Engelberga van Parma

Uit Wikipedia, de vrije encyclopedie
Engelberga van Parma
Keizerin-gemalin van het Heilige Roomse Rijk
Periode 855-875
Voorganger Ermengarde van Haspengouw
Opvolger Richildis van Provence
Vader Adelchis I van Parma

Engelberga van Parma (ca. 835 — 896/901) was vermoedelijk een dochter van Adelchis I van Parma, en daarmee dan kleindochter van Suppo I van Spoleto. Zij was gehuwd met keizer Lodewijk II van Italië. Engelberga had grote invloed op haar man en zij en haar familieleden ontvingen grote schenkingen van Lodewijk, wat tot tegenstand onder de adel leidde. Engelberga heeft zich voortdurend bijzonder druk gemaakt om de bevestiging van haar bezittingen en de bescherming daarvan. Tijdgenoten zagen hierin vooral hebzucht. Vermoedelijk zag Engelberga dit echter als haar weduweverzekering, omdat zij geen zoons had, lag er voor haar namelijk geen beschermde positie als koningin-moeder in het verschiet.

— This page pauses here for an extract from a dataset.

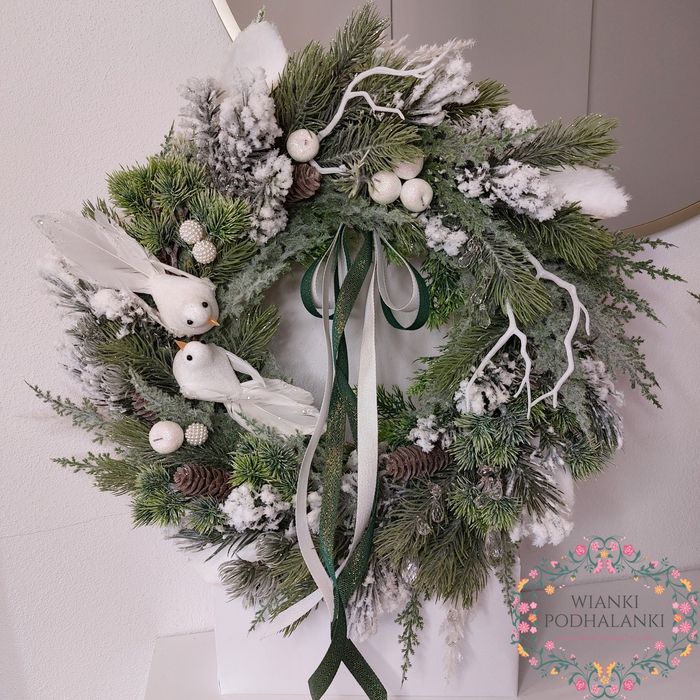 Wianek świąteczny na drzwi wieniec świąteczny na drzwi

Er is een theorie dat Lodewijk en Engelberga helemaal niet zijn getrouwd. Dan zou Engelberga de minnares van Lodewijk zijn geweest die met het verstrijken van de jaren feitelijk de positie van koningin kreeg. Dit verklaart mede de weerstand van de adel tegen haar persoon en de twaalf schenkingen (ongebruikelijk veel) die pas vanaf tien jaar na het begin van hun relatie plaatsvinden (en niet al bij het huwelijk, wat gebruikelijk was). Ook verklaart het waarom Engelberga geen enkele maal zelf is gekroond en pas in 861 als echtgenote van de koning wordt betiteld.

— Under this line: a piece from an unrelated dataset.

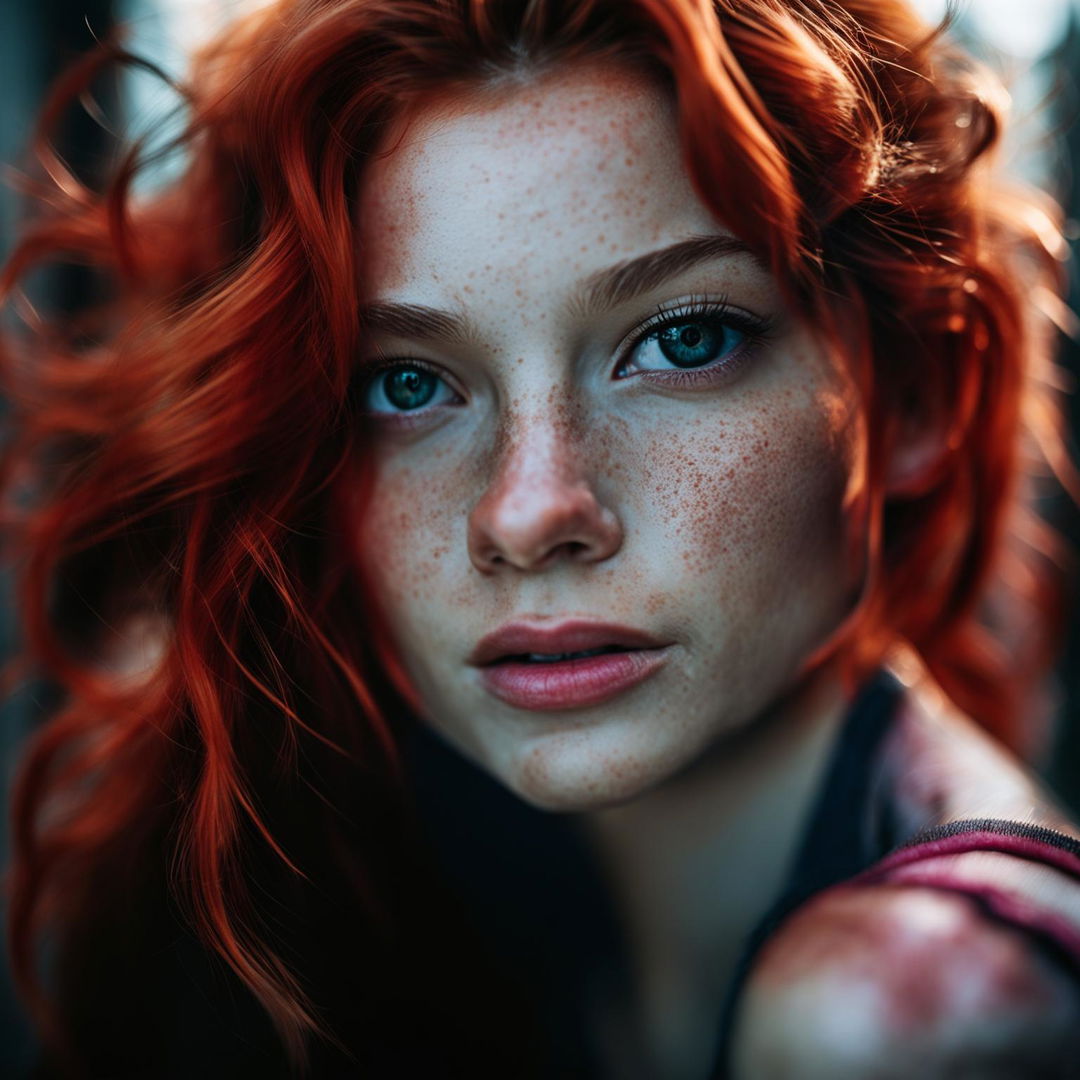 Portrait of a 20-year-old redhead woman with freckles, captured with a Sony Alpha 7R IV and Sony FE 90mm f/2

Engelberga vervulde herhaaldelijk de rol van bemiddelaar tussen Lodewijk, haar zwager Lotharius II en de paus. In 868 werd ze lekenabdis van San Salvatore in Brescia. In 871 nam ze de regering waar terwijl Lodewijk op veldtocht was in Zuid-Italië. Haar aanmatigende optreden in die rol zou later dat jaar mede aanleiding zijn geweest tot de gevangenneming van Lodewijk en haarzelf door haar neef Adelchis van Benevento. In 872 probeerden enkele edelen om Engelberga door een andere vrouw te vervangen, zodat Lodewijk nog mannelijke kinderen zou kunnen krijgen. In reactie daarop begon Engelberga onderhandelingen met Lodewijk de Duitser die er uiteindelijk toe zouden leiden dat Lodewijk Karloman van Beieren (zoon van Lodewijk de Duitser) als opvolger aanwees. In 873 nam Engelberga de regering in Zuid-Italië waar namens Lodewijk.

Na de dood van Lodewijk koos de Italiaanse adel Karel de Kale als koning. Die benoemde Boso V van Arles tot gouverneur van Italië. Boso ontvoerde Engelberga en haar dochter Ermengarde, en trouwde met Ermengarde. In 879 steunde ze Boso toen die zichzelf uitriep tot koning van Provence. Daarop werd ze door Karel de Dikke naar Zwaben verbannen. In 882 werd Boso verslagen en kreeg Engelberga haar persoonlijke bezittingen in Italië terug, waar ze ging wonen. In 896 stichtte ze het klooster van San Sisto in Piacenza en werd daar abdis.